L'épicentre du séisme se situe à la frontière des plaques tectoniques eurasienne et indo-australienne. Aux premières lueurs du jour, la secousse délivre à fond « une énergie équivalente à 23’000 bombes atomiques d’Hiroshima » (1). Et d’immenses vagues déferlent sur l’ensemble du littoral du golfe du Bengale, atteignant parfois une hauteur de 35 mètres et dévastant sauvagement l’essentiel sur leur passage, dans une rude succession de flux et de reflux marins.
Bilan effroyable
En un temps bref, une quinzaine de pays sont nûment touchés par les flots destructeurs venus du vieil « océan Oriental », en pleine saison touristique habituelle, semant une terrible désolation dans les zones lourdement sinistrées : Indonésie, Sri Lanka, Thaïlande, Inde, Birmanie, Maldives, Malaisie, Bangladesh… jusqu’aux côtes lointaines de l’Est africain et du Nord-Ouest australien (2).

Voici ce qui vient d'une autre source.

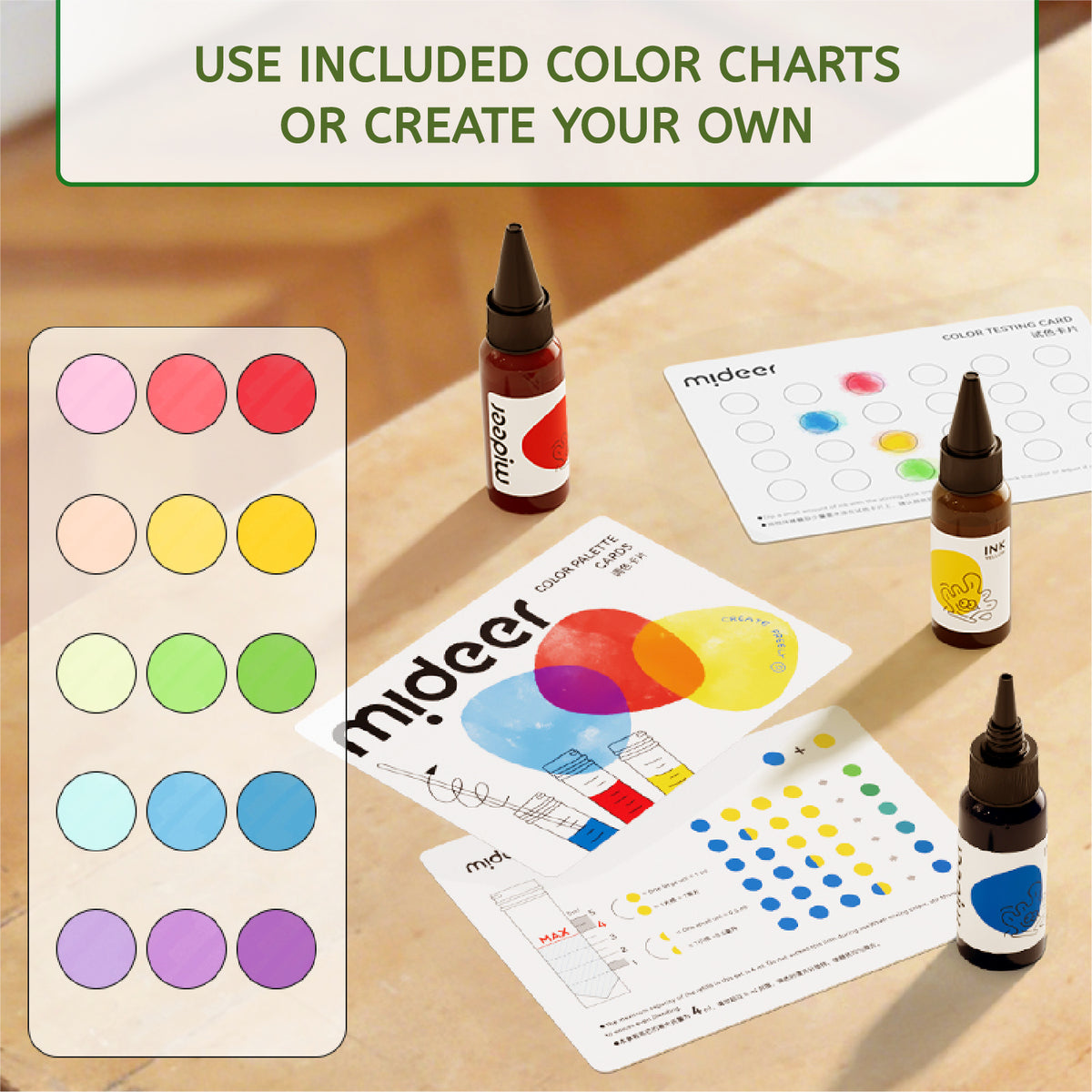 Mideer color mixing kit with multiple small bottles of liquid, printed color charts, and mixing guides arranged on a wooden surface, with text at the top reading 'USE INCLUDED COLOR CHARTS OR CREATE YOUR OWN'.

Le bilan exhaustif est effroyable : les victimes piégées sont estimées globalement à environ 330 milliers de morts et de disparus, 125’000 blessés et 1,7 million de personnes déplacées. Des corps sans vie échoués sur les rivages désolés, des habitations éventrées, des infrastructures ensevelies sous la boue et des plages jonchées d’innombrables décombres, témoignent de l’ampleur considérable de la catastrophe naturelle, humaine et économique en présence (3).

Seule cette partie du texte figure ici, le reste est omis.